40
votes

I have some difficulty in importing a JSON file with pandas.

import pandas as pd
map_index_to_word = pd.read_json('people_wiki_map_index_to_word.json')

This is the error that I get:

ValueError: If using all scalar values, you must pass an index

The file structure is simplified like this:

{"biennials": 522004, "lb915": 116290, "shatzky": 127647, "woode": 174106, "damfunk": 133206, "nualart": 153444, "hatefillot": 164111, "missionborn": 261765, "yeardescribed": 161075, "theoryhe": 521685}

It is from the machine learning course of University of Washington on Coursera. You can find the file here.

4
This is much more a pandas question than it it a JSON question -- you wouldn't have this specific error in any context that didn't involve pandas, but you can get this specific error without JSON being involved. - Charles Duffy
See for instance, stackoverflow.com/questions/17839973/… -- a question with the same error, but no JSON involved. - Charles Duffy
look like you are taking the ML courses from Emily :) - Bryan Fok
It is expecting a list.

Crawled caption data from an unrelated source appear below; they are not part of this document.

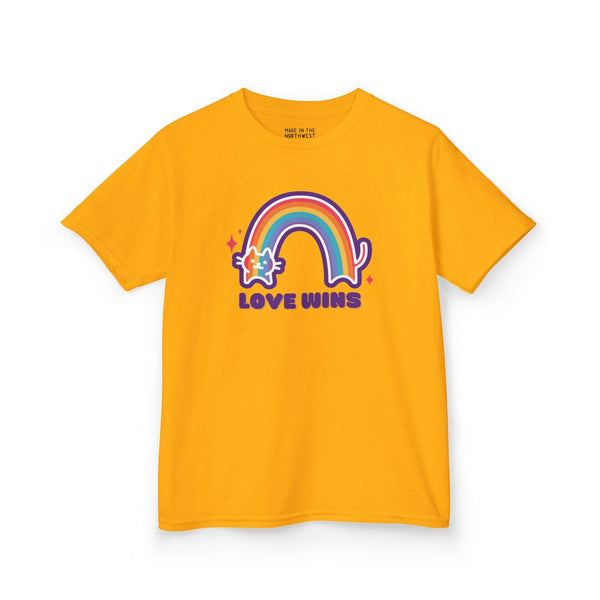 Kids' yellow Love Wins tee featuring a rainbow and cat design, promoting kindness and joy in everyday wear.
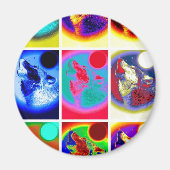 Pop Art Wolf Magneet (Voorkant)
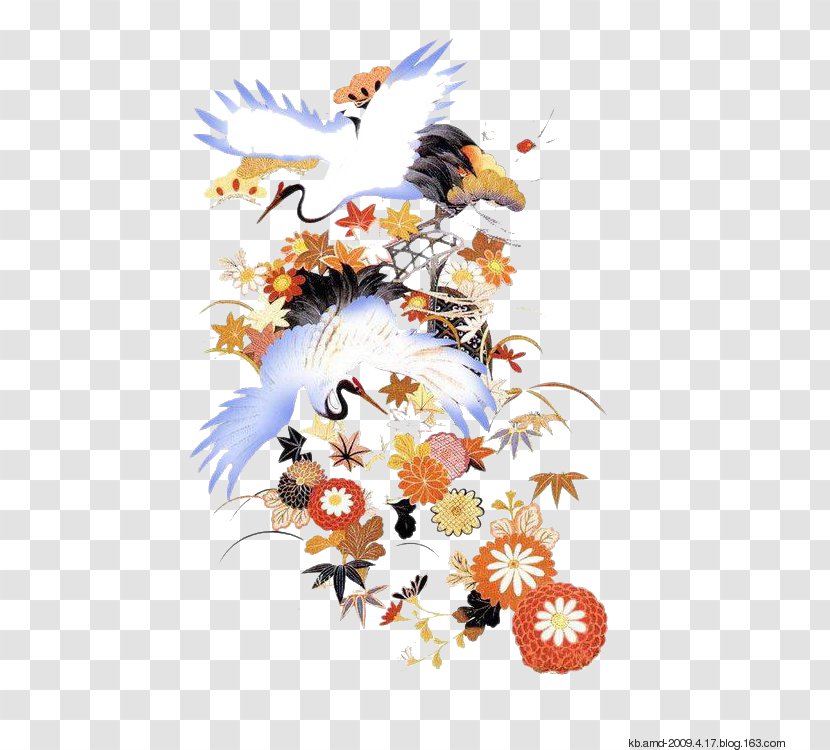 Red-crowned Crane Design Illustration - Flower - Biography Transparent PNG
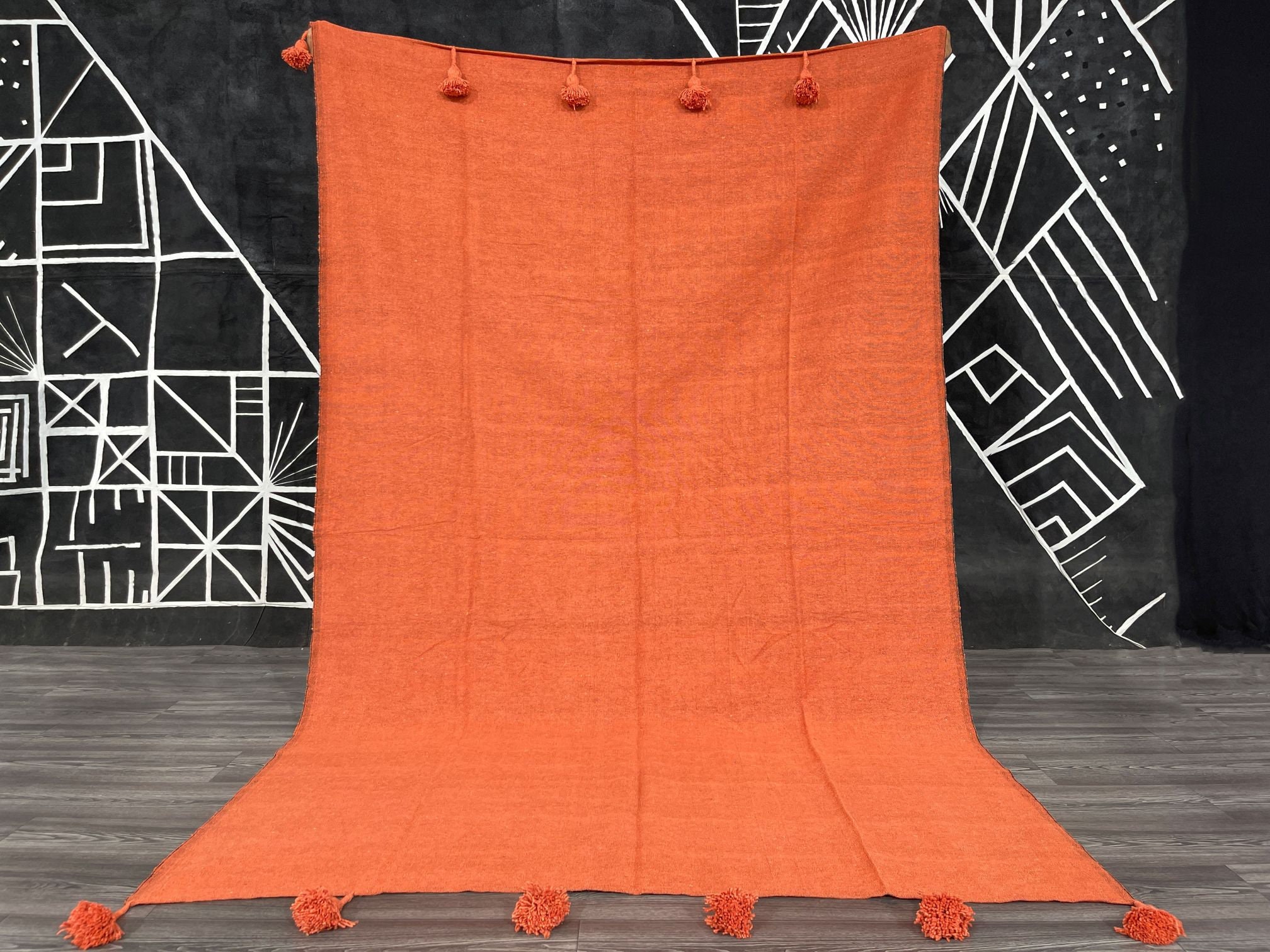 Orange Handmade King Bedspread, Moroccan Cotton Throw Blanket, Queen Size Bedspread, Plaid Striped Large Throw, Farmhouse Decor
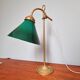 Art Deco desk lamp in brass and conical green opaline, 1920s-30s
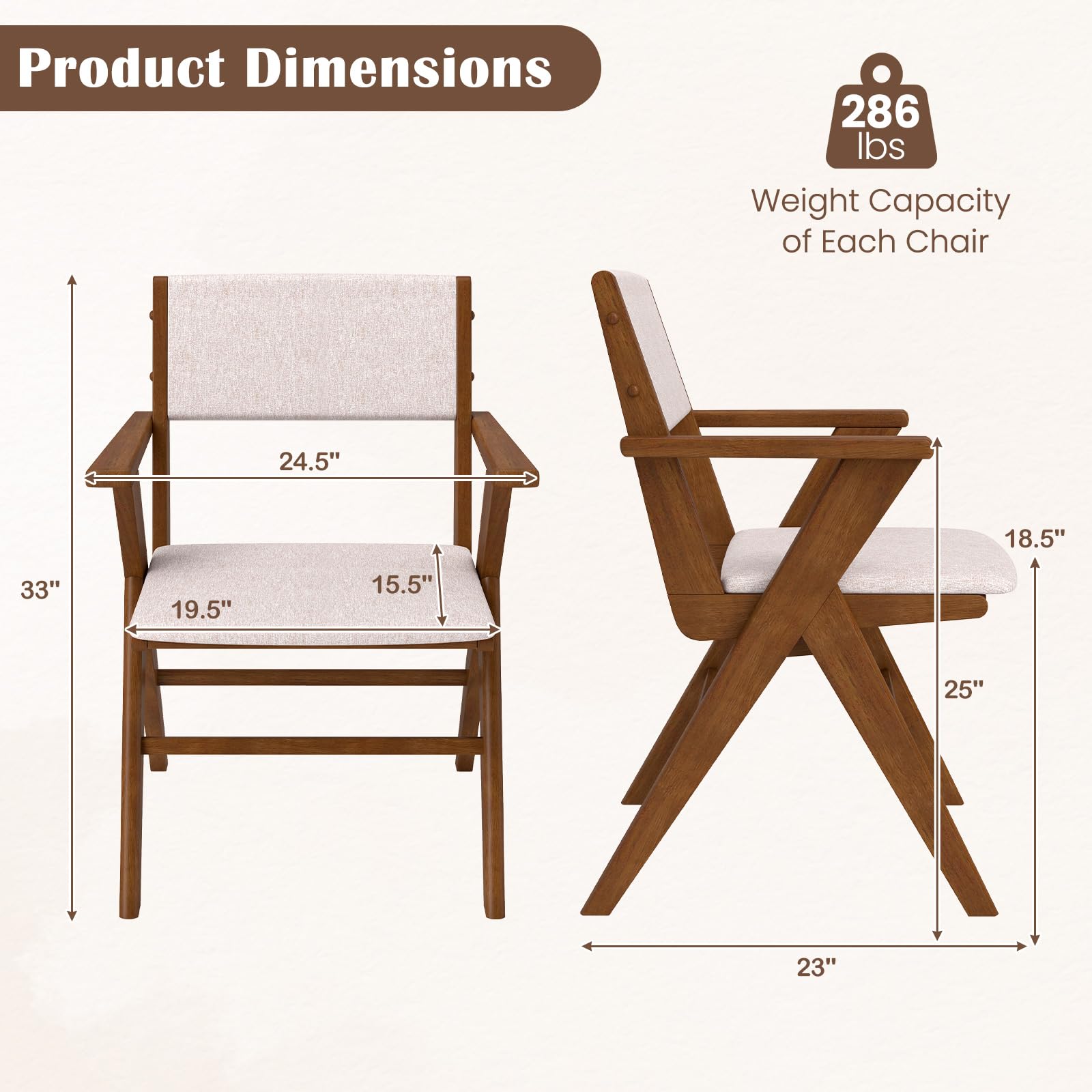 Wooden Dining Chairs Set of 2/4 w/Armrests, Rubber Wood Frame, Padded Seat & Back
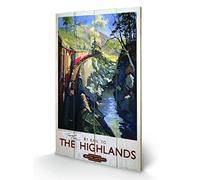 Pyramid International The Highlands Wood Print, Multi-Colour, 45 x 76 x 1.3 cm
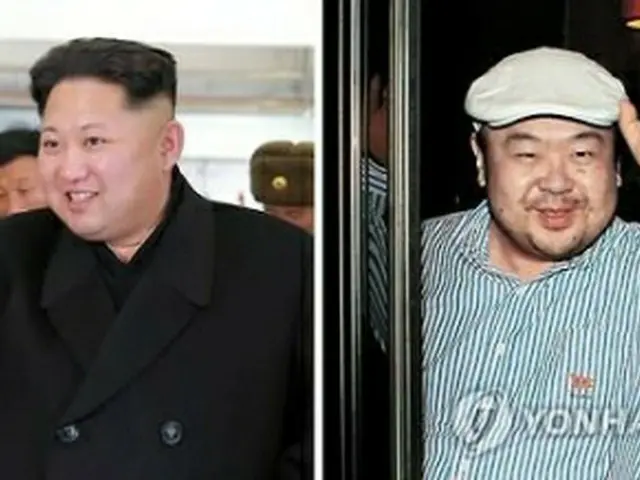 金正恩氏（左）と正男氏＝（聯合ニュース）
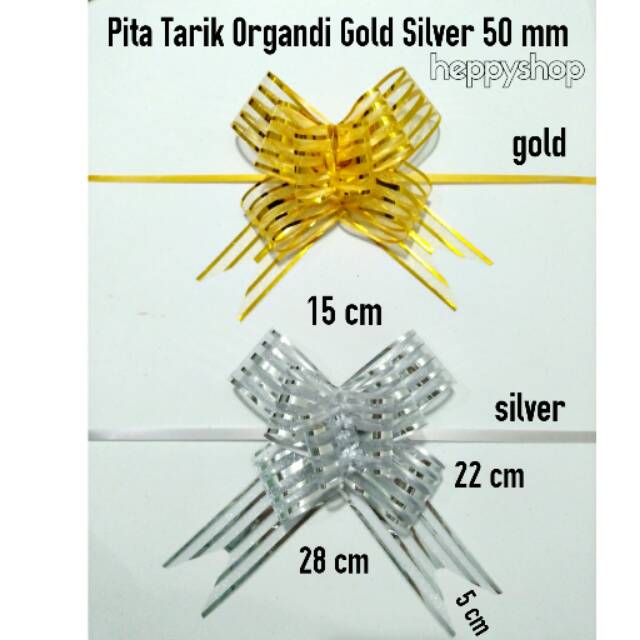 

Pita Tarik Organdi Gold Silver Besar 50 mm, Pita Buket Bunga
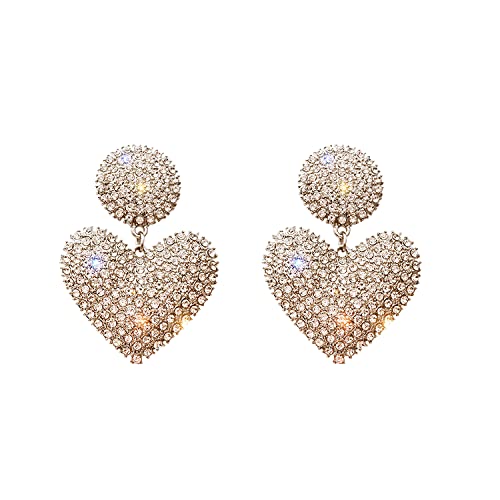 Women Full Rhinestones Sparkling Crystal Heart Love Earrings Hand Chain Drop Dangle Earrings Jewelry For Women And Girls Bride Jewelry (Gold) #TOP20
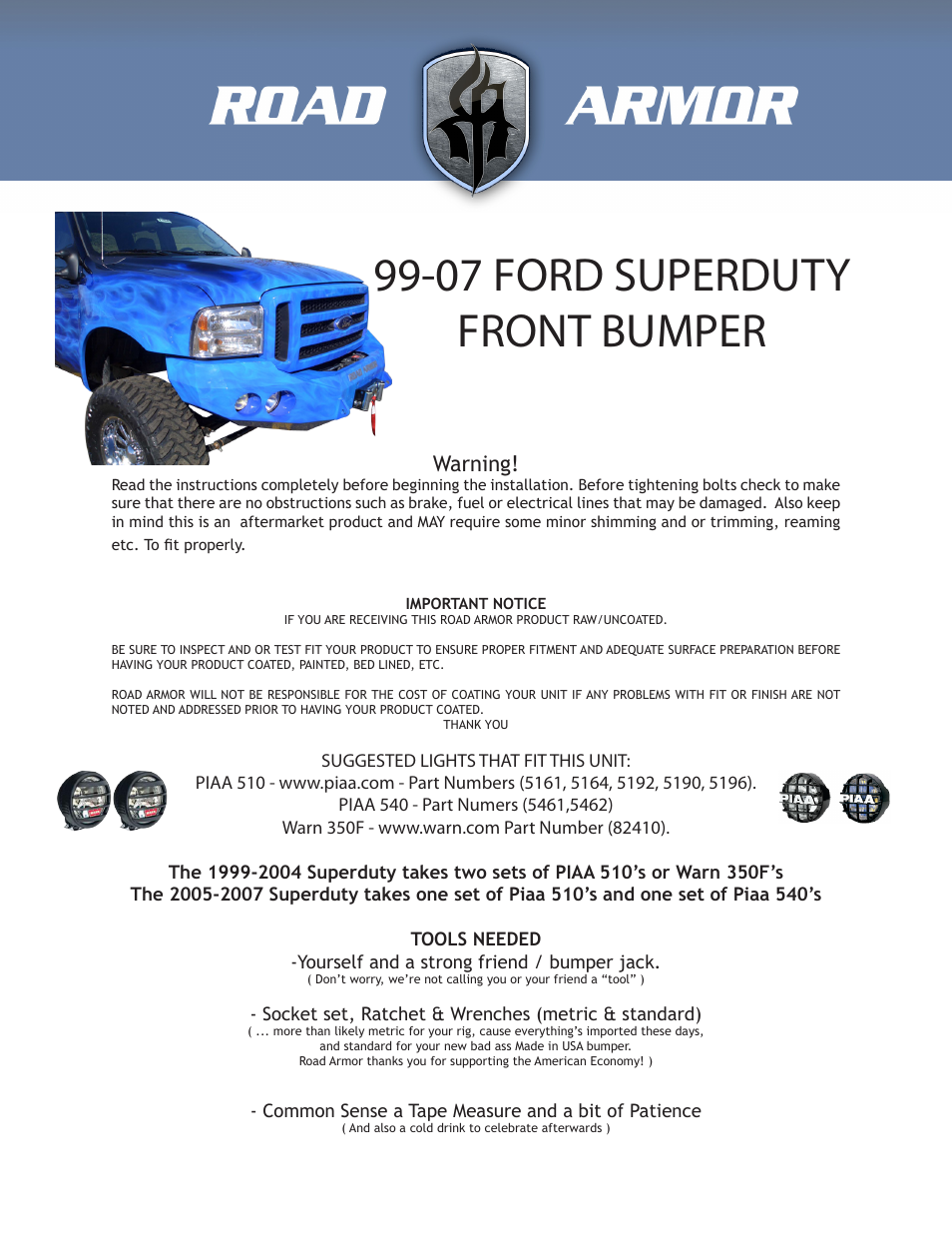 Road Armor 1999-2007 Ford Super Duty Front Bumper User Manual | 3 pages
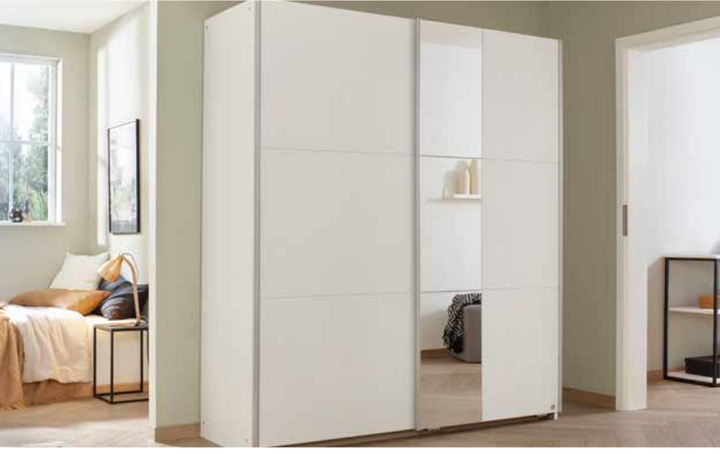 Slide Wardrobe in Graphite or White finish with grey interior, 2 shelves and 2 rails at St James Bed Centre King's Lynn PE30 1AP, free assembly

So if you do like this will work. pd.DataFrame([{"biennials": 522004, "lb915": 116290}]). - Aung

4 Answers

63
votes

Try

ser = pd.read_json('people_wiki_map_index_to_word.json', typ='series')

That file only contains key value pairs where values are scalars. You can convert it to a dataframe with ser.to_frame('count').

You can also do something like this:

import json
with open('people_wiki_map_index_to_word.json', 'r') as f:
    data = json.load(f)

Now data is a dictionary. You can pass it to a dataframe constructor like this:

df = pd.DataFrame({'count': data})
14
votes

You can do as @ayhan mention which will give you a column base format

Method 1

Or you can enclose the object in [ ] (source) as shown below to give you a row format that will be convenient if you are loading multiple values and planing on using matrix for your machine learning models.

df = pd.DataFrame([data])

Method 2

4
votes

I think what is happening is that the data in

map_index_to_word = pd.read_json('people_wiki_map_index_to_word.json')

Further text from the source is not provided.